The party of the year had the potential to be a political firecracker. New York’s ultimate see-and-be-seen event, the Met Gala, was also the launch of Superfine: Tailoring Black Style, a fashion exhibition at the Metropolitan Museum honouring the subversive power of black style and the role of dandyism in expanding ideals of masculinity. In other words, the A-list were showing up to raise a toast to diversity under the watchful eye of an administration bent on reversing it.
On the night, the resistance came to party, not to protest. Glamour was the guest of honour, with politics very much the plus-one. The tempered tone of the night was typified by Kamala Harris, the most high-profile political guest, slipping in a side entrance to avoid the photographers. The night was a joyful and thoughtful celebration of black heritage and creativity, but it was not a forthright statement about politics in 2025.
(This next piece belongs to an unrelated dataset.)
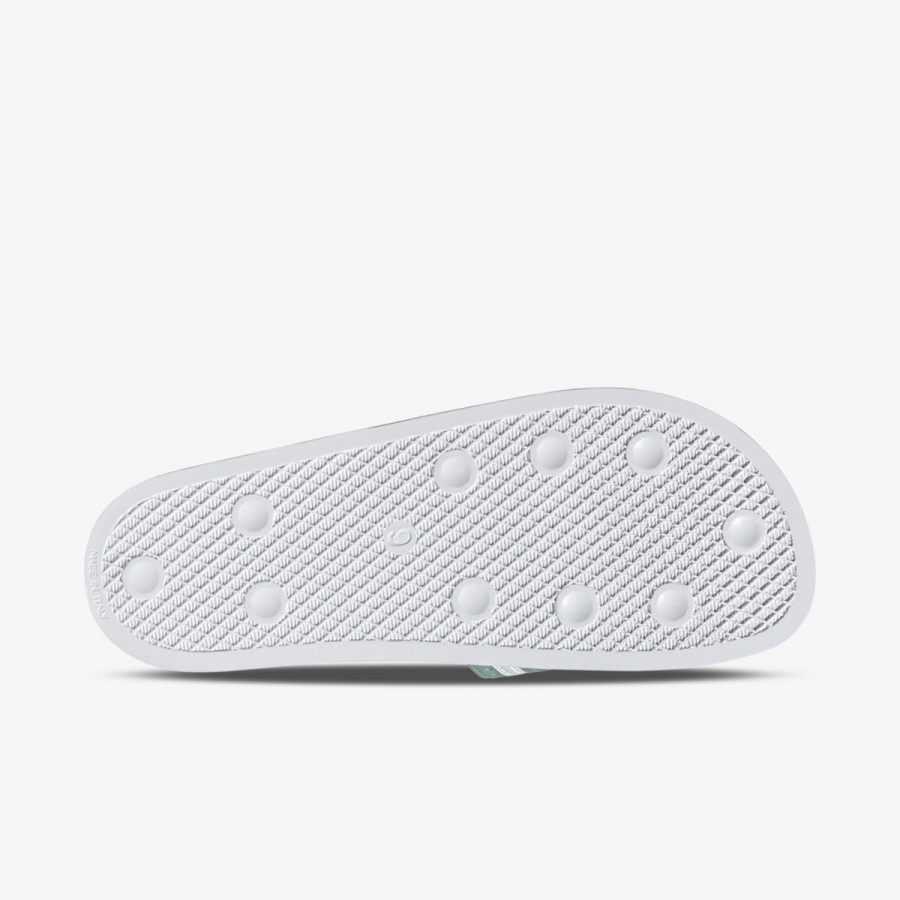 adidas Natikače ADILETTE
Diana Ross wore a feathered ivory gown with the names of all her children and grandchildren embroidered on to an 18ft train, which took up most of the museum steps. Andre 3000 wore a grand piano on his back. Rihanna announced her third pregnancy in pinstripe bump and matching bustle. Hailey Bieber accessorised her Saint Laurent tuxedo with a martini, and no trousers. But the night did not reach the controversial heights of Kim Kardashian in Marilyn Monroe’s dress, or Rihanna as the pope – let alone the boldness of Alexandria Ocasio-Cortez’s 2021 “Tax The Rich” dress.
Homages to André Leon Talley, Josephine Baker and Dapper Dan were recurring themes. It was the death two years ago of Talley, fashion editor of American Vogue and iconic black dandy, which first sparked the idea for this exhibition in curator Andrew Bolton. Talley “radiated joy”, Anna Wintour wrote in a recent tribute. Talley’s fingerprints were all over the red carpet, in Colman Domingo’s electric blue cape, a nod to Talley’s 2011 Met Gala look, and in singer Doechii staging a pre-gala photo op swinging one of his trademark accessories, a Louis Vuitton tennis racket cover.

The fashion headline of the night was a revival of the sophisticated glamour of 1920s and 1930s Harlem. Singer FKA twigs wore a scalloped and feather trimmed Baker-esque cocktail dress with a chiffon stole, made for her by the black British designer Grace Wales Bonner. Zendaya wore an immaculate three-piece ivory “zoot suit”, the ultra-fitted silhouette popular in Harlem dancehalls in that era, which recalled the flamboyant tailoring of queer blues singer Gladys Bentley.

Dapper Dan, iconic 80-year-old tailor and godfather to hip-hop fashion, told red carpet reporters that his jazzy black-and-white tailoring, with matching two-tone hat and shoes “personifies the Harlem Renaissance”. Jazz-age fashions, which have been percolating on the moodboards of New York creatives since the Met’s 2024 show The Harlem Renaissance and Transatlantic Modernism, looks to be the most influential fashion direction to emerge from the gala.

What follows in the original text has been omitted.